For reasons largely unknown but guessable, Tinashe has yet to release her second album Joyride, the follow-up to her 2014 debut Aquarius. Regardless, she’s spent the past year either promoting the album, apologizing for its absence, or expressing her own frustration with its delay.
Album delays (even major ones) should be a non-issue at this point (and two years of waiting is really nothing), except that a new Tinashe song seems to surface every week. Enough to fill an entire album, you might say. There’s been: “Party Favors” (which she admitted to leaking herself), “Players” (feat. Chris Brown), “Secrets,” “Super Love” and now “Company” (above). None of the songs are terrible. None are “2 On” level breakout jams either. Tinashe has had to address her delay publicly, over and over, because these leaked tracks haven’t yielded the success her label, RCA, likely seeks. Also, because she keeps doing interviews.

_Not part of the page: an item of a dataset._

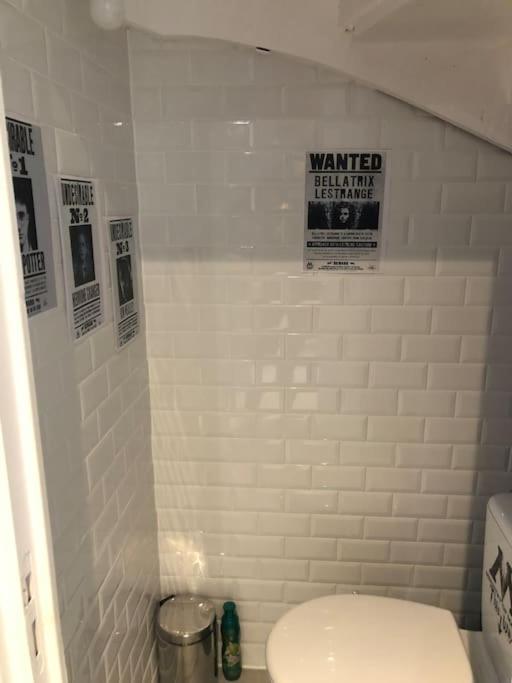Maison Harry Potter Pour 6 Personnes En Centre * Montauban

In her latest for the cover of Nylon, Tinashe says—not for the first time—that the release date is beyond her control, stating the obvious. Joyride was originally due in fall 2015 (disclosure: I interviewed her for Nylon’s Dec/Jan 2016 issue at the time), then January or February 2016 and now October. When asked, in this new interview, if simply leaking the album would be a viable bet, Tinashe says it’d be pointless:
“But how is that going to help me? It’s just going to come out and then it’s gone, and then I don’t have the support. No one’s going to be booking me for TV performances, [the label is] certainly not going to help me with my next one,” she says with a chuckle, possibly trying to downplay her exasperation over the delay. “The producers would be mad at me because they wouldn’t have gotten paid. If I just put it on SoundCloud, I’m not getting paid, my label isn’t getting paid.” She’s quick to clarify that she doesn’t have any hard feelings against RCA, and that she understands that profitability is their top priority. “It’s the business aspect,” she says. “There’s always going to be a difference in opinion because they’re just looking at things from a different side. And I’m not mad at them for it.”

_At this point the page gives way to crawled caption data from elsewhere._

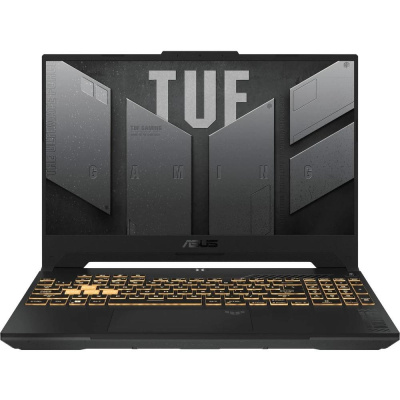 ASUS NTB TUF Gaming F15 (FX507VI-LP058W), i7-13620H, 15.6" 1920 x 1080, 16GB, 1TB SSD, NVIDIA RTX 4070, W11 Home, Gray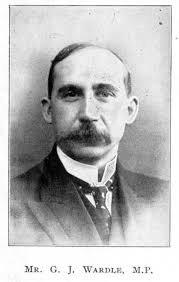 Hayes Peoples History: Richard Bell MP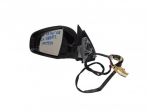 SPECCHIETTO RETROVISORE SINISTRO AUDI A4 Avant (8ED) 010681 (0408)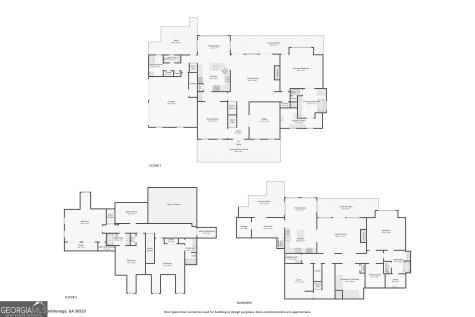 134 Prospector Ridge Dahlonega GA 30533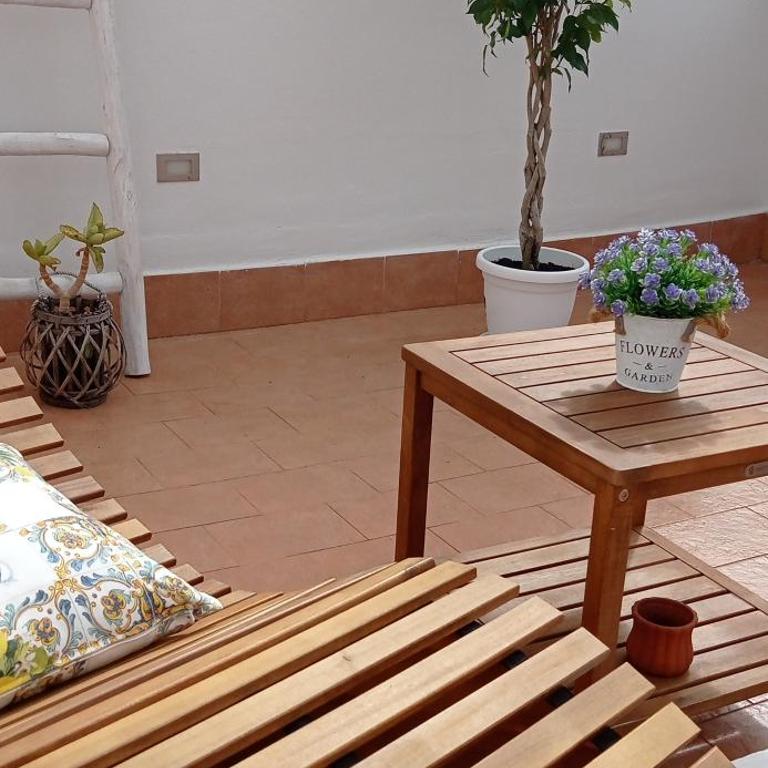 La Dimora della Contessa - Appartamento con 1 Camera da Letto - 26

I’d venture to say there is some anger. The obvious consensus is that the label has been testing songs to see what could stick as a single, in an effort to create stardom. But few, if any, fans care about the business reasons for an album’s delay. Realistically, this isn’t Frank Ocean level thirst and not many people probably know or even care that this Tinashe album is coming. It’s possible that her team tried to play up rumors of her dating Calvin Harris after his breakup with Taylor Swift, but not enough people were concerned about that either. She’s meanwhile gone on tour with old music and was scheduled to open for Iggy Azalea’s cancelled tour, a blessing in disguise.
Tinashe seems to have limited power to demand much from her label, an unfortunate position for someone who put out such a tonally cool debut album that was better than many first-time artists. In March, she told The Washington Post, “I honestly have no answers. I’m ready to get it out. I’ve been sitting on this music for a while so I can’t wait for other people to hear it...It’s just finishing touches and legal issues and all that good bullshit. It’s business.” Again in July, while promoting “Super Love,” she told Beats 1's Zane Lowe that “the majority” of the album has been finished for a while. “I’m at a loss as far as what my marketing scheme should be. I just feel like the song is a great song,” she said.